We would not exist as a country without countless people who have risked their reputations, their fortunes and their lives to do just that. Your voice is as important as anyone else’s. Use it and don’t allow yourself to be silent or silenced.
Not everyone has to agree with you or your ideas but it’s crucially important to speak your mind anyhow, to propel the conversations, relationships and potential solutions forward.
5. You might learn something
There is always the possibility that I’m wrong or that I’ve offended and that I might be cancelled for it in some way, shape or fashion. There is always a chance I’ve injured some overly-sensitive hothouse flower with my direct words and rebukes. I’m not sorry, not one whit.

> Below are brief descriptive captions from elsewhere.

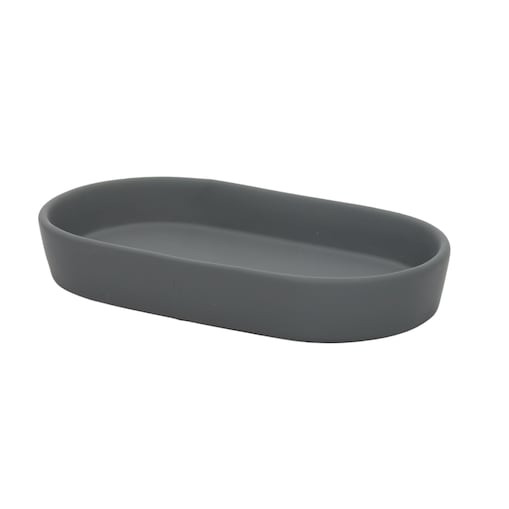 Podstawka łazienkowa na akcesoria COCON, ceramiczna, kolor szary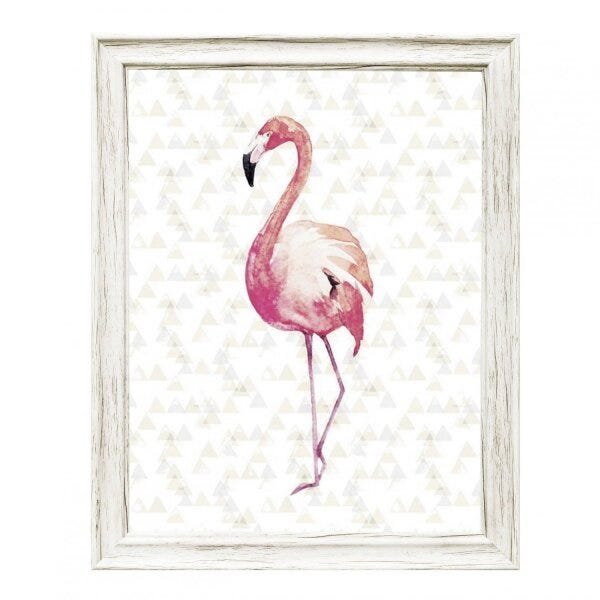 Quadro Decorativo Flamingo Canvas 50cmx40cm Mart Collection - 1
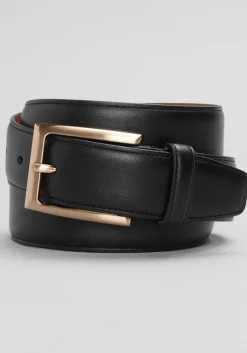 1905 Collection Feather Edge Stitched Leather Belt
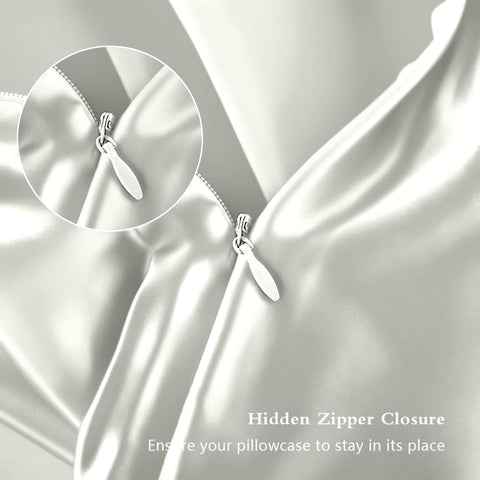DKBslik hidden-zip-closure close-up showing secure pillow fit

It’s better to be wrong and cancelled than to be silenced. You only learn by being wrong, a lot. You learn by making mistakes, a lot of them. You learn by listening to those you respect and those you love. You learn through pain, through hardship and through challenges.
You know when you don’t learn and when your chances to learn come to a screeching halt? When you follow the long line of a silent, silenced and subjugated majority…right off a cliff.
So remember, the next time you find your feelings are getting hurt, to process the idea in your head and not in your heart. Ask yourself whether the difficult information you just received has any worth, and try to determine whether you can actually benefit by learning something new. At the very least, try to remember to support another person‘s right to have an opinion counter to yours. Silencing another person is as distasteful, not to mention dangerous, as you being silenced yourself.